TASK BRIEF
Transcribe all of the records, leaving out any pictures.

DATASET RECORDS
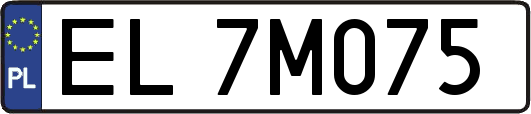 EL7M075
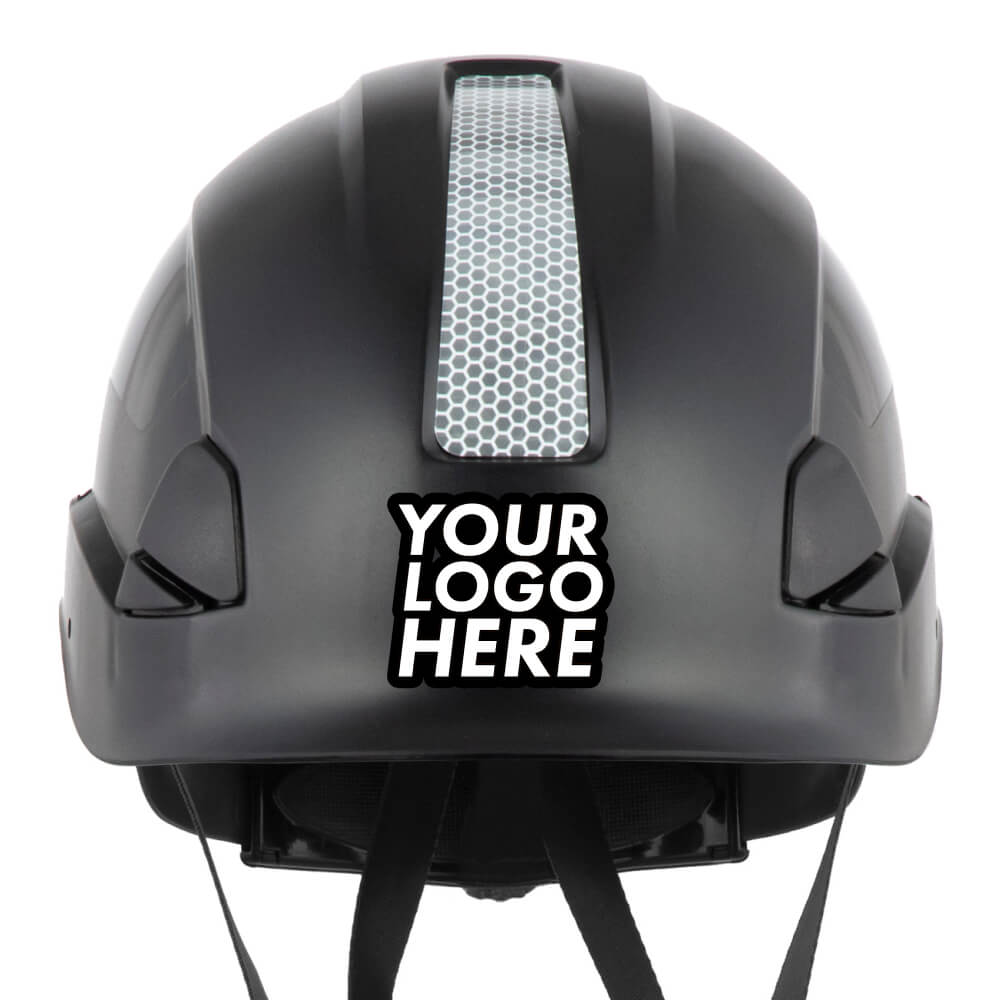 H1 Custom Logo Printed Safety Helmet - Defender Safety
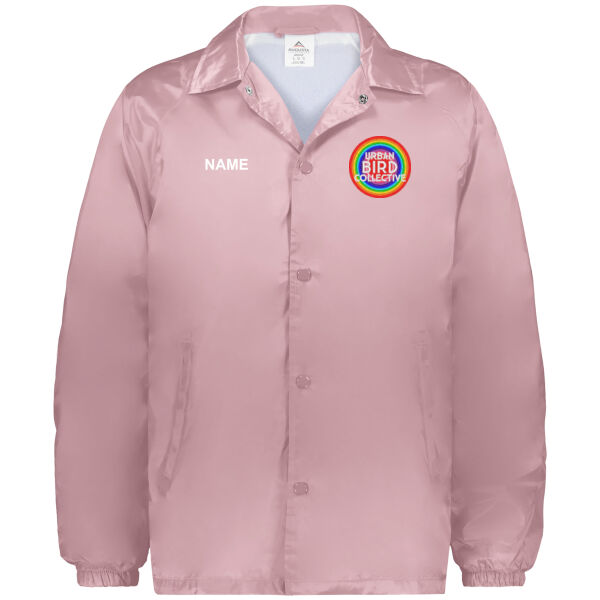 Augusta Sportswear - Nylon Coach's Jacket/Lined - Embroidered Logo **Add Name For $5** Thumbnail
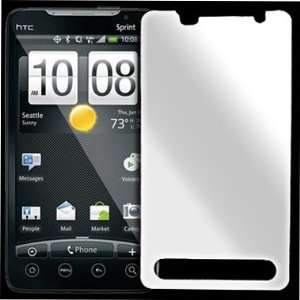  Mirror Screen Protector For HTC EVO 4G Cell Phones & Accessories
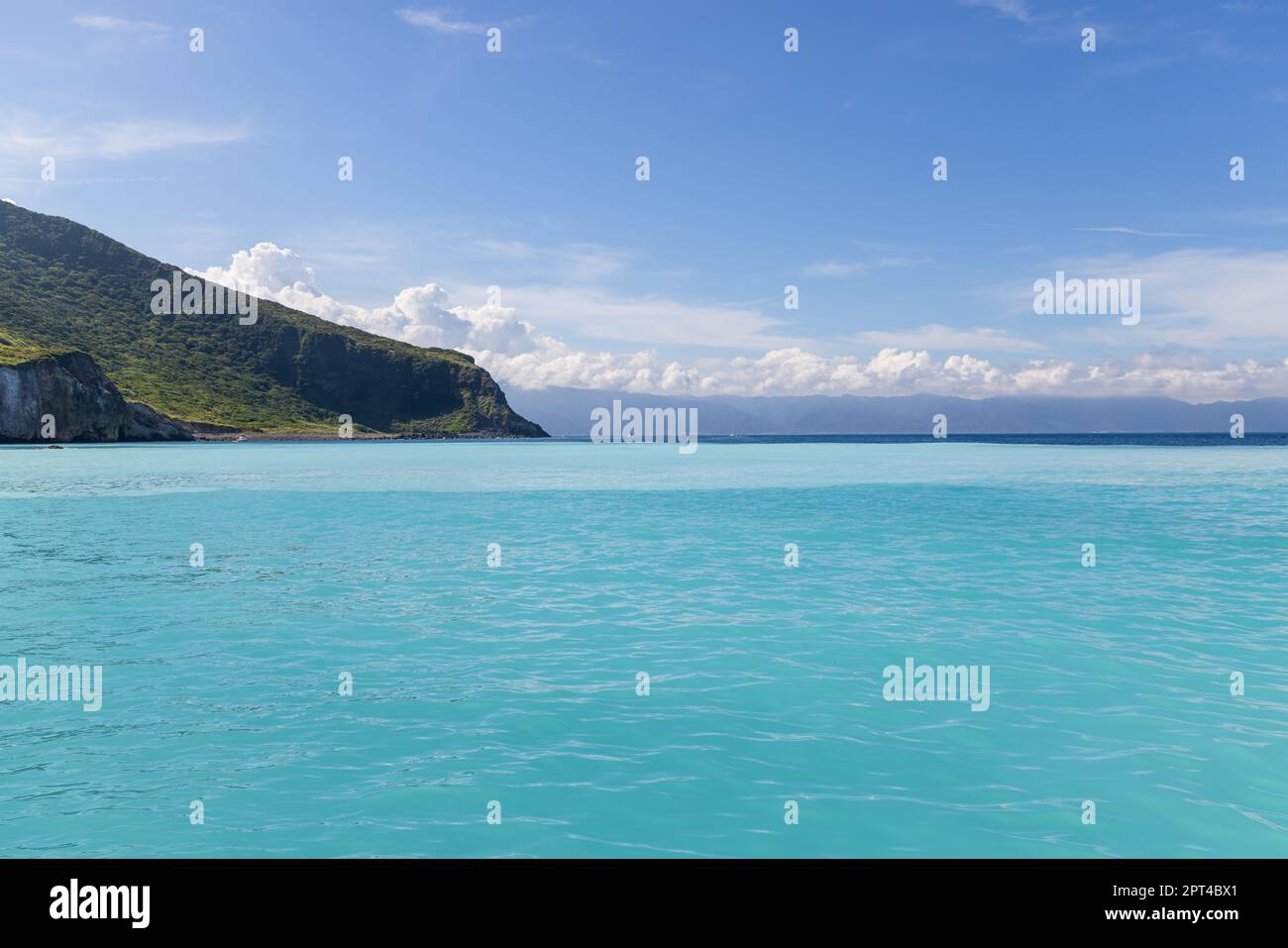 Guishan Island Yilan in Taiwan Stock Photo Alamy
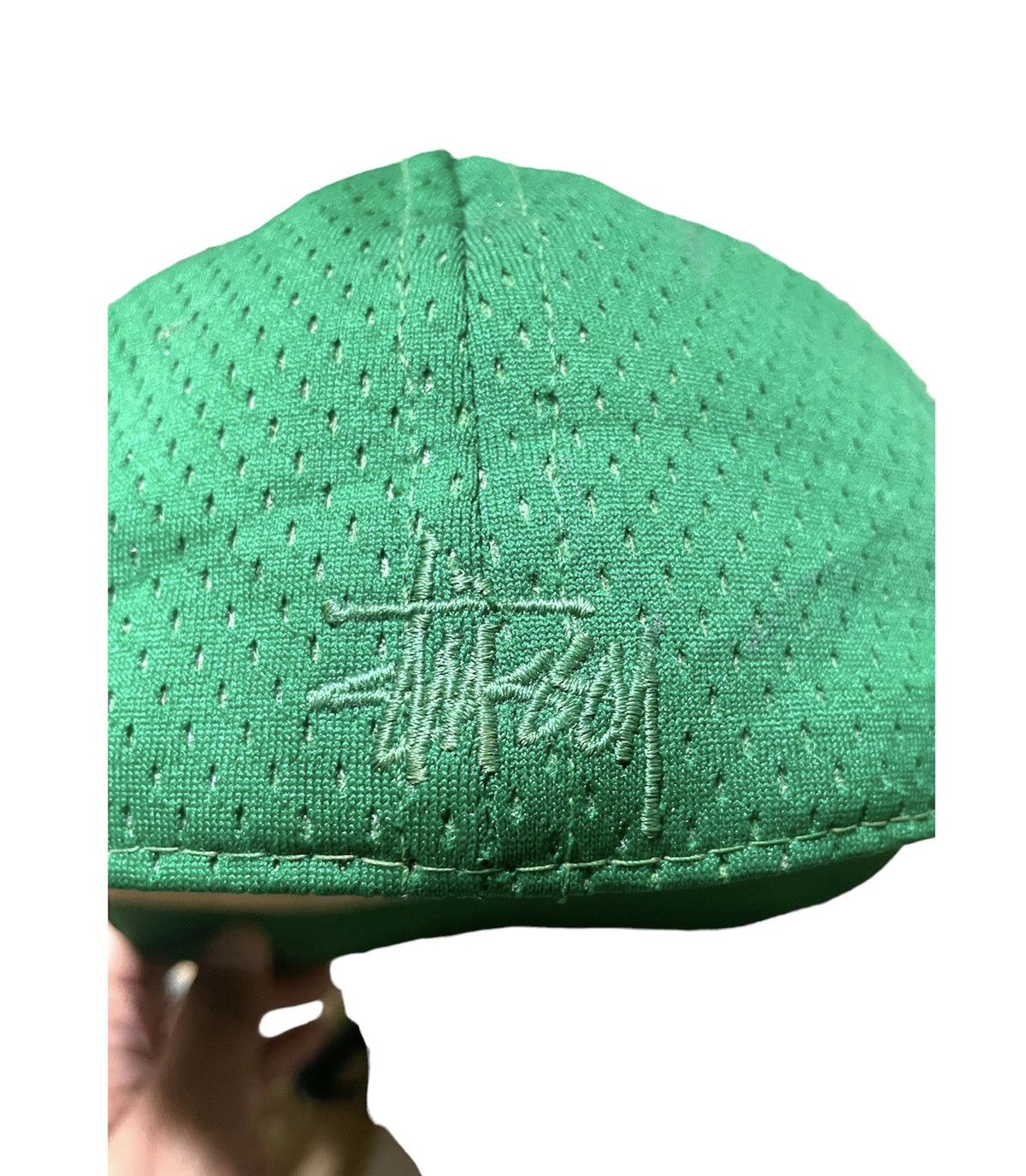 Stussy × Vintage Stussy Embroidery Full Hat Cap Vintage y2k Size ONE SIZE - 5 Thumbnail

TASK RESULT
 EL7M075
 H1 Custom Logo Printed Safety Helmet - Defender Safety
 Augusta Sportswear - Nylon Coach's Jacket/Lined - Embroidered Logo **Add Name For $5** Thumbnail
  Mirror Screen Protector For HTC EVO 4G Cell Phones & Accessories
 Guishan Island Yilan in Taiwan Stock Photo Alamy
 Stussy × Vintage Stussy Embroidery Full Hat Cap Vintage y2k Size ONE SIZE - 5 Thumbnail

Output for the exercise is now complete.